Use something else for the log?

Hoverbear / old-raft-rs

[Incomplete] A Raft implementation in Rust

https://hoverbear.github.io/raft-rs/raft/

MIT License

266 stars 41 forks source link

Use something else for the log? #4

Closed Hoverbear closed 9 years ago

Hoverbear commented 9 years ago

This by @TyOverby would probably be useful instead of doing JSON -> Base64.

It might be worthwhile to look into the possibility of bincoding a Vec<(u64, T)> and somehow syncing it to disk instead of doing it line by line. One downside of this is that we'd need to keep the entire log in memory, and that sucks!

TyOverby commented 9 years ago

Is there a reason that you want the data to be line-separated? If you treat this file as just a binary blob, you could skip the Base64 step and get good performance and compression (if you want compression).

Hoverbear commented 9 years ago

@TyOverby There is no particular reason! One concern with the approach of a blob is you'd have to store the entire thing in memory to work with it.

TyOverby commented 9 years ago

If the entries that are being stored are constant in size, then you could seek to the entry_size * i byte in the file and then read from there.

If that isn't an option, you could have two files. One with a binary blob, one with a hashmap of EntryNumber to Position, where position is a byte offset into the file.

With either of these, reads and writes will be absurdly fast, as you don't need to scan through the lines, and you just deserialize the entries that you want.

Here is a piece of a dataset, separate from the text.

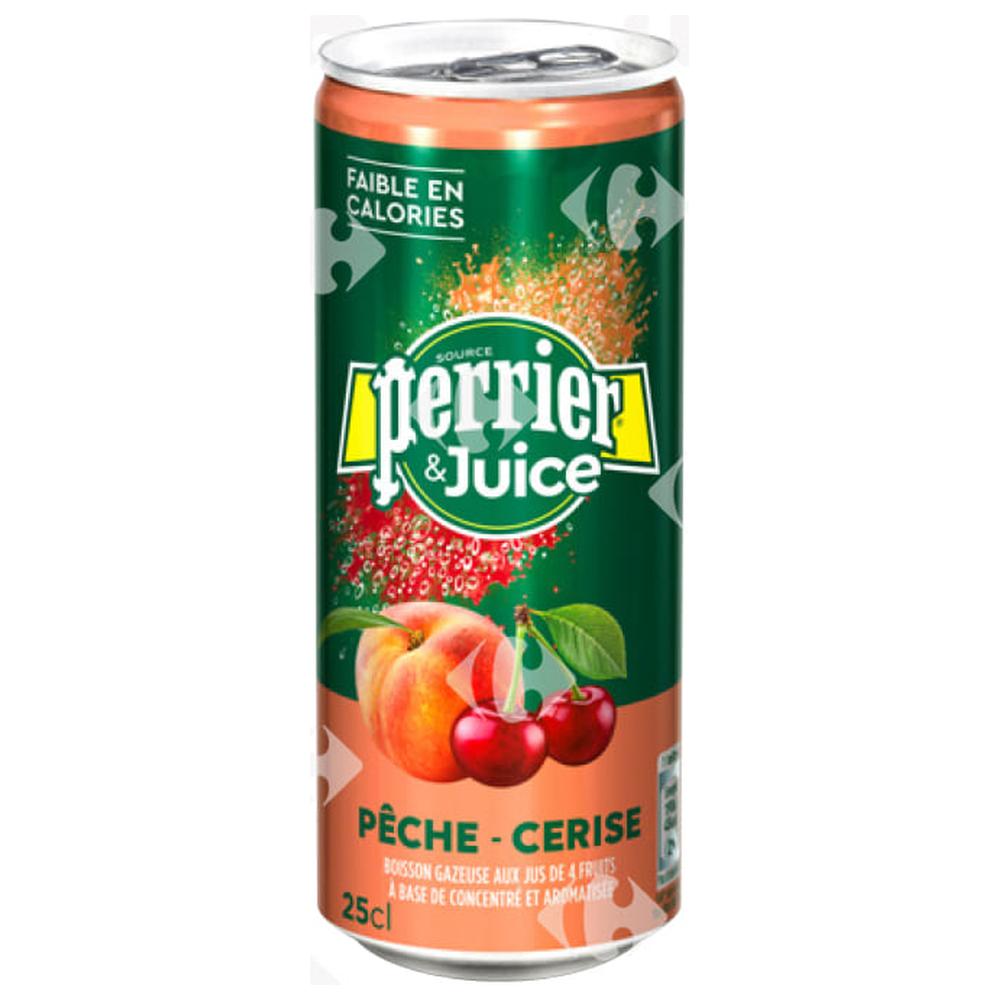 [689500] Eau Gazeuse Fruitée Pêche et Cerise Perrier & Juice 25cl.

Hoverbear commented 9 years ago

@TyOverby Hmm, I don't think I can make a constant size assumption, I'm trying to keep the library as generic as possible!

The hashmap idea is really clever, I like it! I guess you could presumably store the hashmap in memory even since it would be a constant (u64, u64), or at least a good hunk of it. Since most updates to the hashmap would be fairly small, is there a good way to "sync" the file?

TyOverby commented 9 years ago

Yeah, you would want to leave the "hashmap" in memory. On disk, it would probably be a list of (u64, u64). Because (u64, u64) is constant size, you can use direct-indexing into that if you wanted to do an update, and appending to it would be as easy as appending to the file.

I'm not sure that this is the most elegant way to do things. A database is probably much more suited to the task.

zslayton commented 9 years ago

@Hoverbear, have you looked at using a key/value storage engine like LevelDB, LMDB or WiredTiger? I'm unsure of whether those have Rust bindings in crates.io yet, but if they do I think they'd suit your use case. They're all built on more or less the same core API that lets you:

Create / reopen a file
Store a value of (mostly) arbitrary length for a key
Retrieve the value for a given key
Retrieve a collection of values for a given range of keys (a fast operation as things are stored ordered by keys)

In your case, the keys would be line numbers and the values would be the line contents. Everything would be written to a single file per log with no requirement to maintain an in-memory data structure -- you could allow the log to outgrow RAM.

Hoverbear commented 9 years ago

@TyOverby Yes I think that might be the right solution, I just need to pick something simple and embedded since I have fairly limited requirements.

@zslayton Yes this was discussed on Reddit!. It looks like there are LMDB bindings. Thank you!

I think that finding some sort of embedded database that is simple and cheap enough is the way to go.

viperscape commented 9 years ago

redis-rs might be worth a look too.

jakejscott commented 9 years ago

There's also these bindings to LMDB https://github.com/vhbit/lmdb-rs

Hoverbear commented 9 years ago

@danburkert had some awesome ideas here and contributed a patch.